Drivers, architectures, processor families, etc.
Philip Prindeville
philipp_subx at redfish-solutions.com
Sat Aug 5 23:32:37 CEST 2023
> On Aug 3, 2023, at 2:17 AM, Bruce Richardson <bruce.richardson at intel.com> wrote:
>
> On Wed, Aug 02, 2023 at 03:47:59PM -0700, Stephen Hemminger wrote:
>> On Wed, 2 Aug 2023 15:49:54 -0600
>> Philip Prindeville <philipp_subx at redfish-solutions.com> wrote:
>>
>>> Hi,
>>>
>>> I'm trying to come up with some Kconfig logic for OpenWRT packaging to help users select the right build options for their hardware.
>>>
>>> Most OpenWRT developers typically cross-compile, so we obviously can't rely on detection on the build host as that's rarely the same as the target machine.
>>>
>>> Looking in the DPDK repo, I don't see any description of the available architectures, drivers, etc. and what I had seen previously was (if I remember) only for x86_64 hardware, and even that I can't seem to locate again.
>>>
>>> Would it make sense to put some of these definitions into the repo itself, so that when new drivers are added, that stands out (at least in the commit logs) and we can capture the permutations of what driver goes with which SoC on what architecture, etc?
>>>
>>> Thanks,
>>>
>>> -Philip
>>>
>>
>> DPDK now uses meson which by default builds everything available on the build architecture.
>> There is intentionally no way to disable drivers, you can disable some libraries though.
>
> Actually, we do now support disabling drivers, and also only selectively
> enabling specific ones.

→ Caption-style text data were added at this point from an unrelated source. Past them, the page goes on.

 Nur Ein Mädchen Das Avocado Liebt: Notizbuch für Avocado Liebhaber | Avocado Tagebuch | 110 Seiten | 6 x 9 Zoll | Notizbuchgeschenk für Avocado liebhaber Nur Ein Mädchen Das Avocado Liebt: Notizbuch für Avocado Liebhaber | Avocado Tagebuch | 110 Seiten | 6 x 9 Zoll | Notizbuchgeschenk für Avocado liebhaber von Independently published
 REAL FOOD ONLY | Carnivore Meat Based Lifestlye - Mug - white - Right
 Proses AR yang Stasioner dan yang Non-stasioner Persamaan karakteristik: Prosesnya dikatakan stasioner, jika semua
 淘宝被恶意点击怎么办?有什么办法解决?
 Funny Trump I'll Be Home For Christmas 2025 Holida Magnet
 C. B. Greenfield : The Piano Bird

See disable_drivers and enable_drivers meson
> options.
>
> To find our different architecture support, I suggest looking in the config
> directory. The subfolders there often contain cross-files for meson for
> building for various architectures. For example, config/arm, contains a
> number of reference files for cross-compiling for different arm platforms.
>
> Regards,
> /Bruce
Noticed also that the ARM architecture has configs, but AMD64 seems to be wide open... just one generic config.
Is that because some chips, like Xeon-D have on-die NICs, and others like Xeon-E don't?